Consider a text file with 2 records:
$ cat t4.csv
10,2001
11,http://www.cnn.com

0: jdbc:drill:zk=local> alter session set `exec.errors.verbose` = true;

0: jdbc:drill:zk=local> select cast(columns[0] as init), cast(columns[1] as
bigint) from dfs.`/Users/asinha/data/t4.csv`;

Error: SYSTEM ERROR: NumberFormatException: http://www.cnn.com

Fragment 0:0

[Error Id: 72aad22c-a345-4100-9a57-dcd8436105f7 on 10.250.56.140:31010]

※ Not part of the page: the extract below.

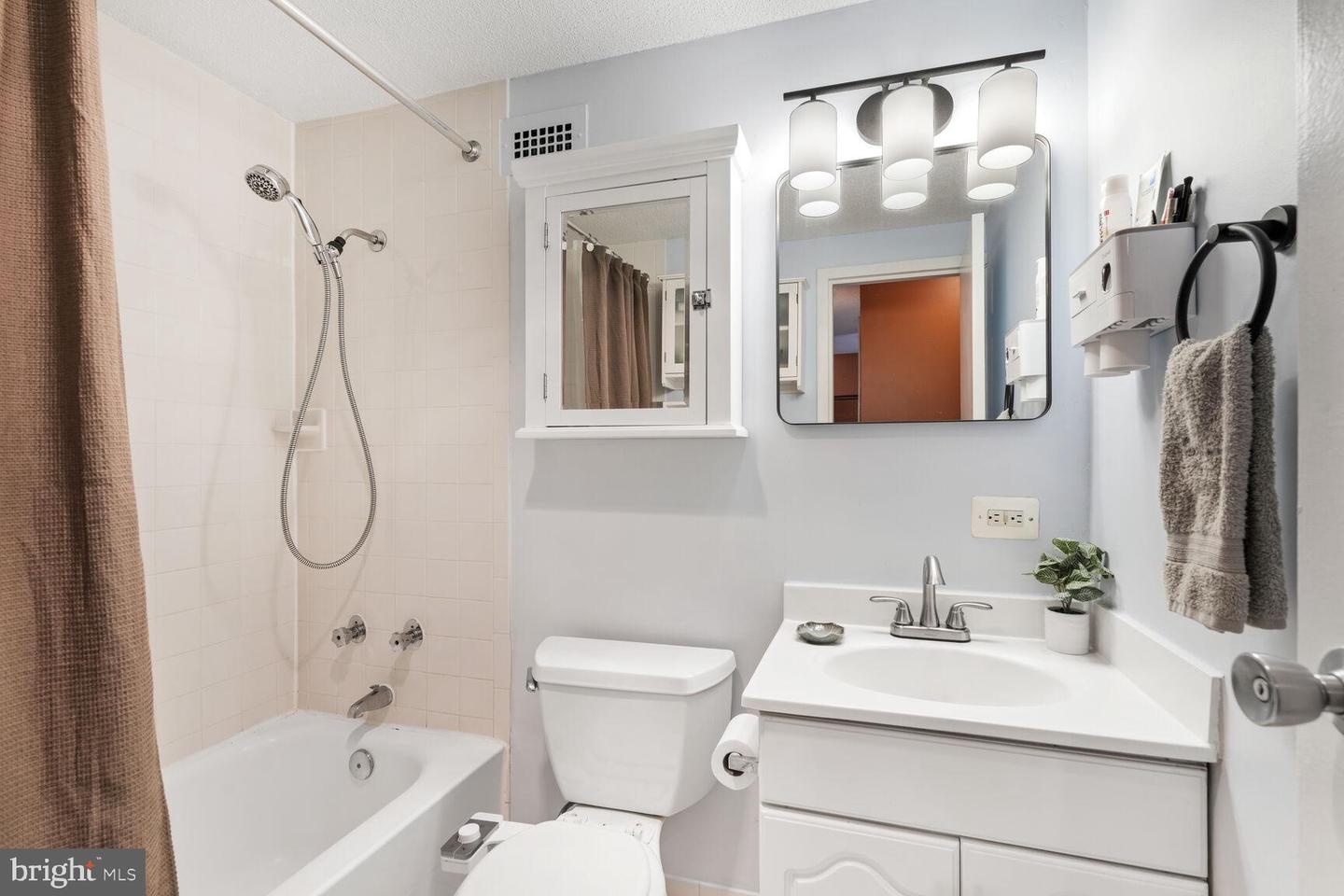 2030 N ADAMS ST #1004, ARLINGTON, Virginia 22201, 1 Bedroom Bedrooms, ,1 BathroomBathrooms,Residential,For sale,2030 N ADAMS ST #1004,VAAR2055304 MLS # VAAR2055304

  (java.lang.NumberFormatException) http://www.cnn.com
    org.apache.drill.exec.expr.fn.impl.StringFunctionHelpers.nfeL():91

org.apache.drill.exec.expr.fn.impl.StringFunctionHelpers.varCharToLong():62
    org.apache.drill.exec.test.generated.ProjectorGen1.doEval():62
    org.apache.drill.exec.test.generated.ProjectorGen1.projectRecords():62

org.apache.drill.exec.physical.impl.project.ProjectRecordBatch.doWork():172

The problem is user does not have a clue about the original source of this
error.  This is a pain point especially when dealing with thousands of
files.

1.  We can start by providing the column index where the problem occurred.
2.  Can a scan batch keep track of the file it originated from ? Since the
Project in the
     above query is pushed right above the scan, it could get the filename
from the record
     batch (assuming we can store this piece of information).  This won't
be possible
     for other Projects elsewhere in the plan.
3.  What about the location within the file ?   Unless the projection is
pushed into the scan
     itself, I don't see a good way to provide this information.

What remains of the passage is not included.